What the task asks
When you transcribe the entries, reproduce every character and exclude the images.

(Crawled caption data)
+-------+

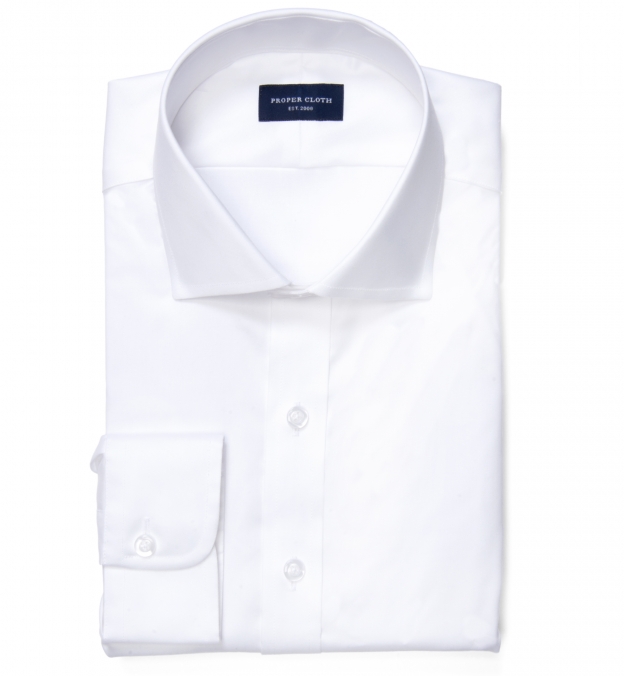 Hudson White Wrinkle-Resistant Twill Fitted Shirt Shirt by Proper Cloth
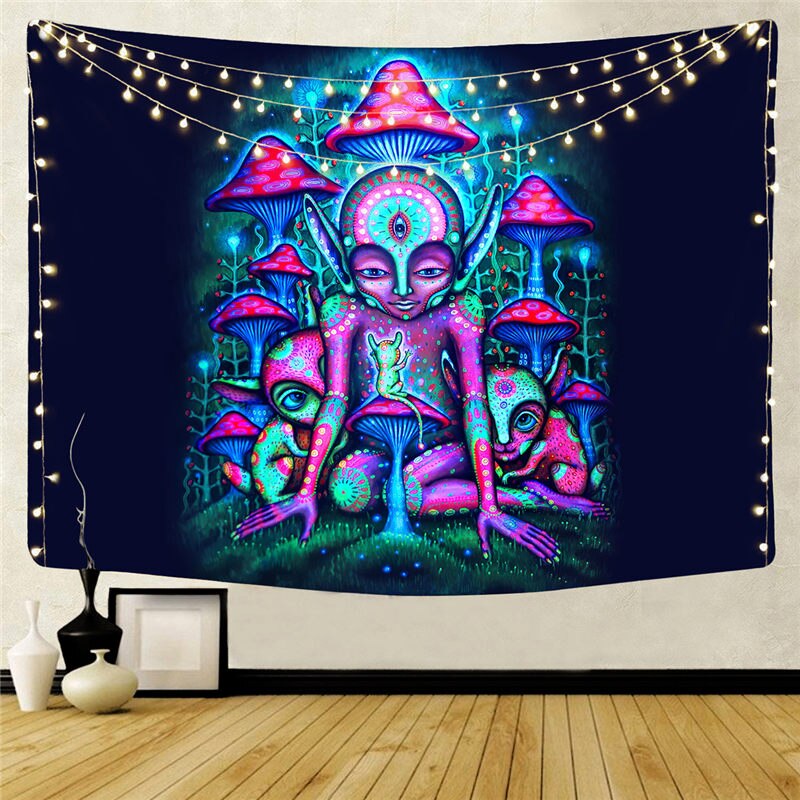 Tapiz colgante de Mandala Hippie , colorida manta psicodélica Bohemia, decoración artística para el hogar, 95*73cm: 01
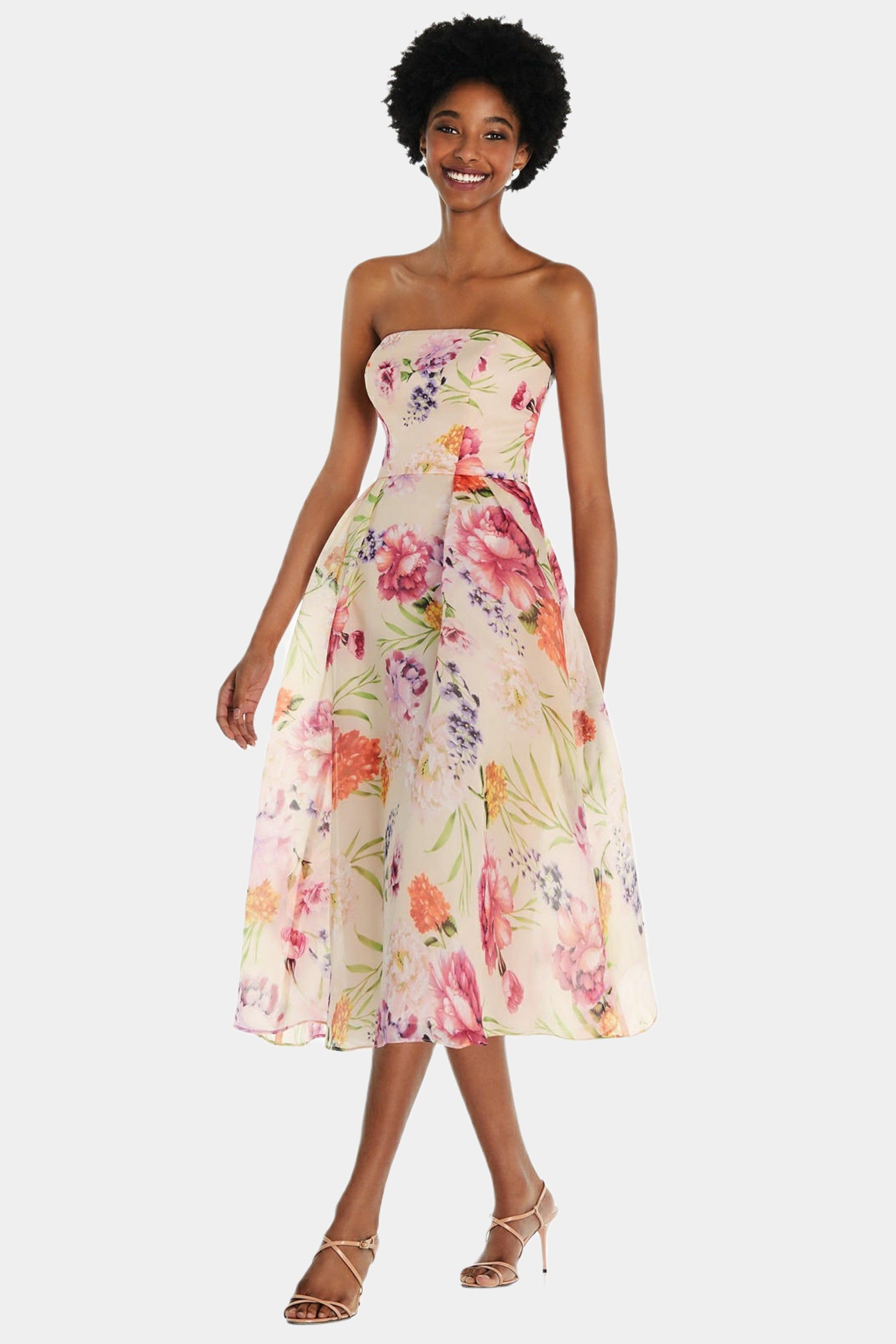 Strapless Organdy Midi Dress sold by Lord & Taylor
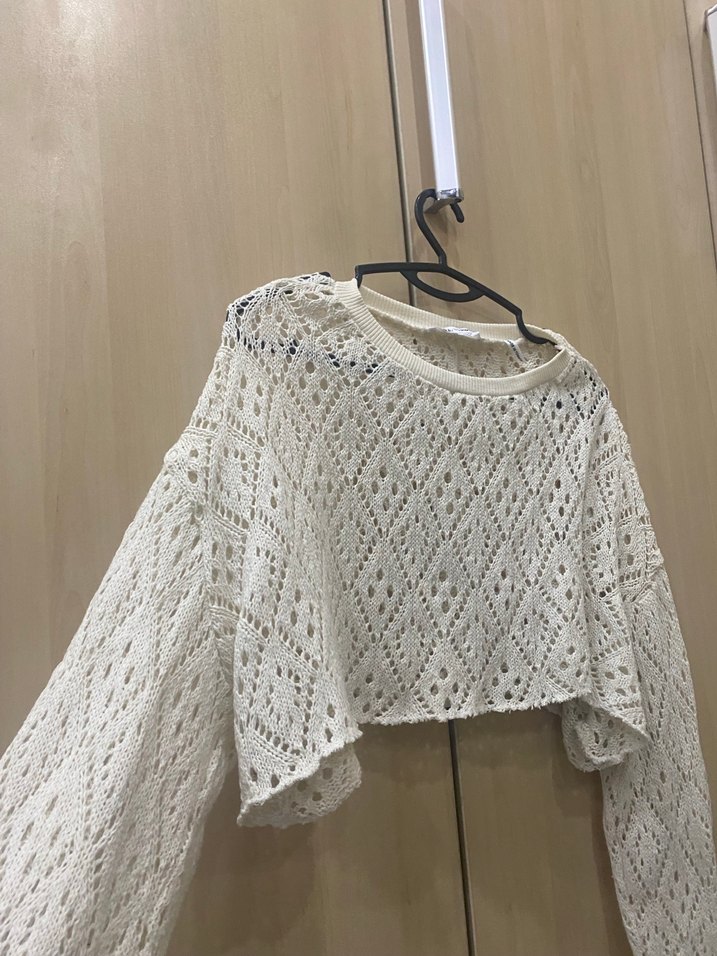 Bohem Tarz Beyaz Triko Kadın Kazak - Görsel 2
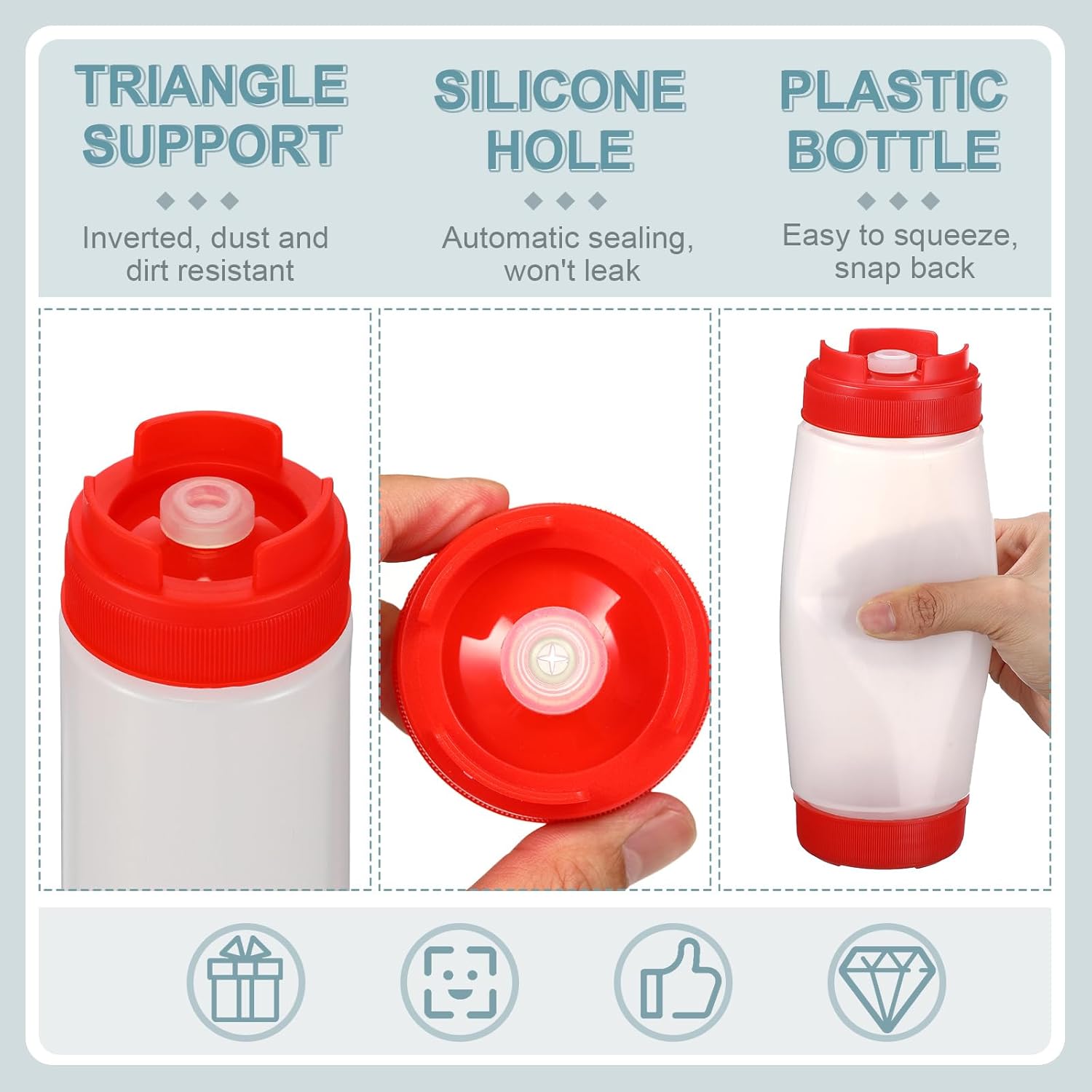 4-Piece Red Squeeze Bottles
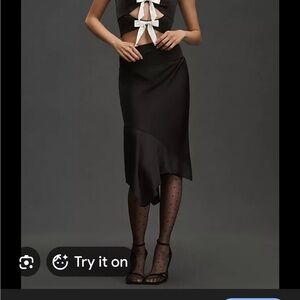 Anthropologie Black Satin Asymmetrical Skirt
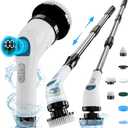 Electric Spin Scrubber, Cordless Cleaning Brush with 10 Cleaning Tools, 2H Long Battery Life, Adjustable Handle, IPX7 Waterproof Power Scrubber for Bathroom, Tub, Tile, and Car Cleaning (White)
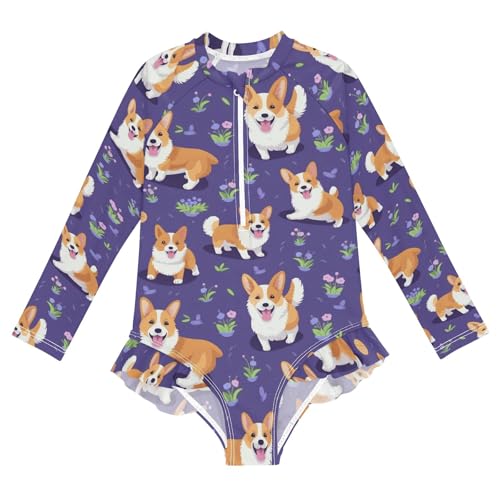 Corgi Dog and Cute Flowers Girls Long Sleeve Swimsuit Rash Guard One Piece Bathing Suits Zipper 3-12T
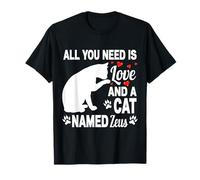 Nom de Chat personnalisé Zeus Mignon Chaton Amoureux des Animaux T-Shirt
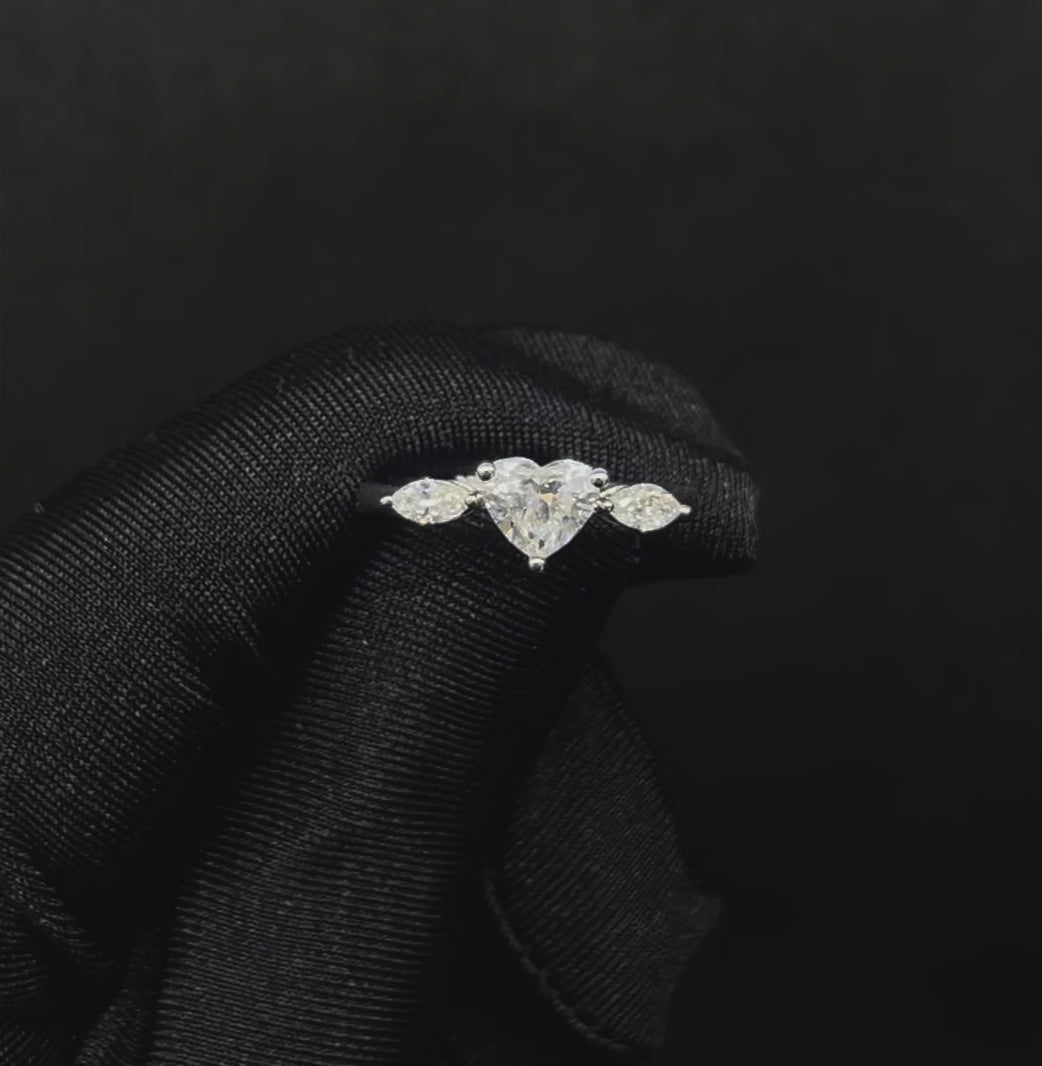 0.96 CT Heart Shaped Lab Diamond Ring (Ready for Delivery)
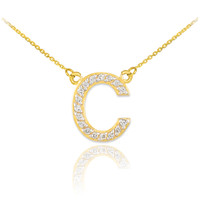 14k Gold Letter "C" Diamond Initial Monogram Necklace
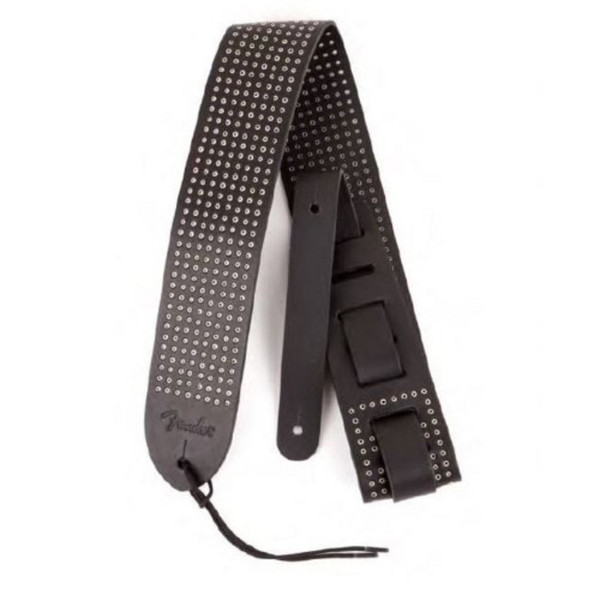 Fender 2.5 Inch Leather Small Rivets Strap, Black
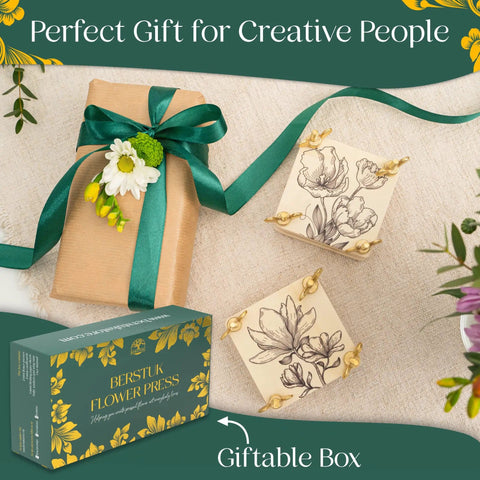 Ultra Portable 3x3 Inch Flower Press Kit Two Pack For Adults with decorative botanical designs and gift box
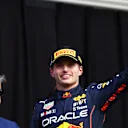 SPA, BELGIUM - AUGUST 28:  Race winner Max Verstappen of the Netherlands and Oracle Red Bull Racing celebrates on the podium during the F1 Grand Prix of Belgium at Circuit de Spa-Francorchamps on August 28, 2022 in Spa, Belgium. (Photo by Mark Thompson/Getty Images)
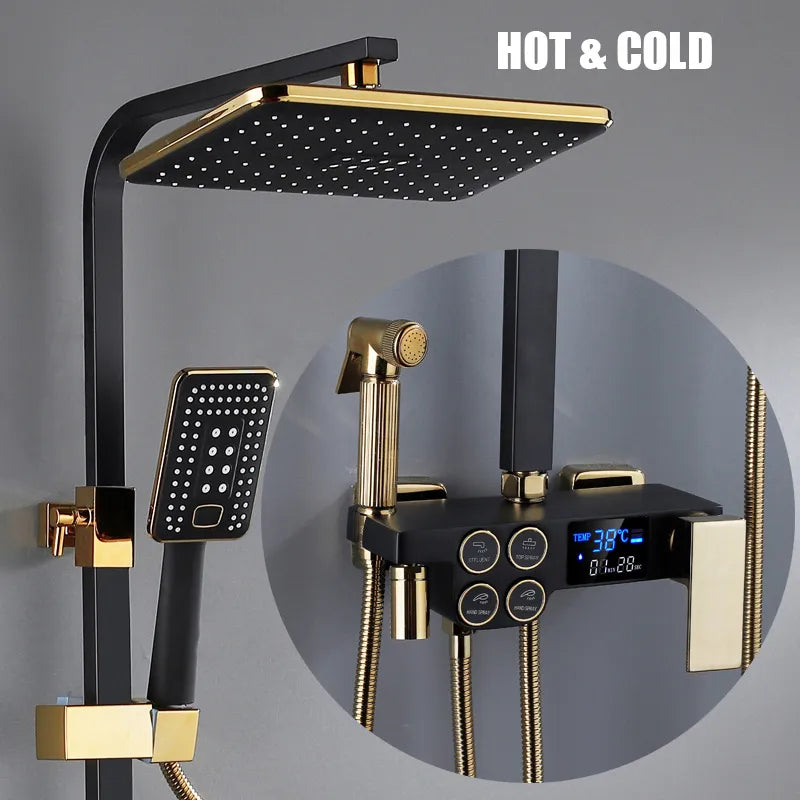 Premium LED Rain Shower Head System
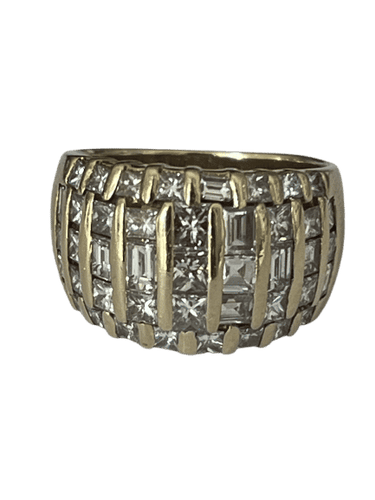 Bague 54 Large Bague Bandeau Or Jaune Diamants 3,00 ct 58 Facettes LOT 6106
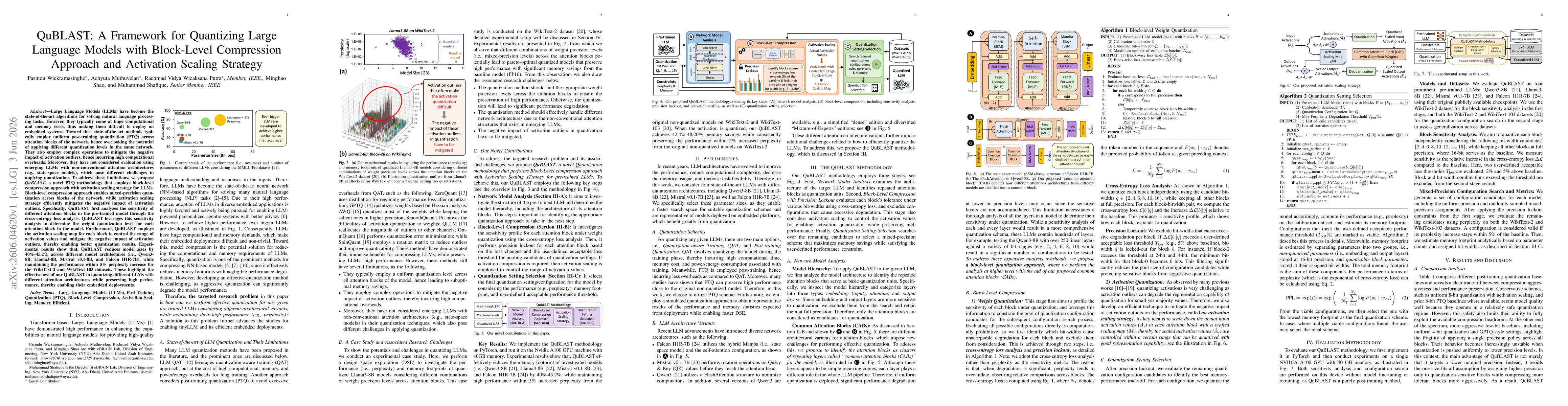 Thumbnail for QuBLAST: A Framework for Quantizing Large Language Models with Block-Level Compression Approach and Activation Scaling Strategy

+-------+

Task result
 Hudson White Wrinkle-Resistant Twill Fitted Shirt Shirt by Proper Cloth
 Tapiz colgante de Mandala Hippie , colorida manta psicodélica Bohemia, decoración artística para el hogar, 95*73cm: 01
 Strapless Organdy Midi Dress sold by Lord & Taylor
 Bohem Tarz Beyaz Triko Kadın Kazak - Görsel 2
 4-Piece Red Squeeze Bottles
 Anthropologie Black Satin Asymmetrical Skirt
 Electric Spin Scrubber, Cordless Cleaning Brush with 10 Cleaning Tools, 2H Long Battery Life, Adjustable Handle, IPX7 Waterproof Power Scrubber for Bathroom, Tub, Tile, and Car Cleaning (White)
 Corgi Dog and Cute Flowers Girls Long Sleeve Swimsuit Rash Guard One Piece Bathing Suits Zipper 3-12T
 Nom de Chat personnalisé Zeus Mignon Chaton Amoureux des Animaux T-Shirt
 0.96 CT Heart Shaped Lab Diamond Ring (Ready for Delivery)
 14k Gold Letter "C" Diamond Initial Monogram Necklace
 Fender 2.5 Inch Leather Small Rivets Strap, Black
 Ultra Portable 3x3 Inch Flower Press Kit Two Pack For Adults with decorative botanical designs and gift box
 SPA, BELGIUM - AUGUST 28:  Race winner Max Verstappen of the Netherlands and Oracle Red Bull Racing celebrates on the podium during the F1 Grand Prix of Belgium at Circuit de Spa-Francorchamps on August 28, 2022 in Spa, Belgium. (Photo by Mark Thompson/Getty Images)
 Premium LED Rain Shower Head System
 Bague 54 Large Bague Bandeau Or Jaune Diamants 3,00 ct 58 Facettes LOT 6106
 Thumbnail for QuBLAST: A Framework for Quantizing Large Language Models with Block-Level Compression Approach and Activation Scaling Strategy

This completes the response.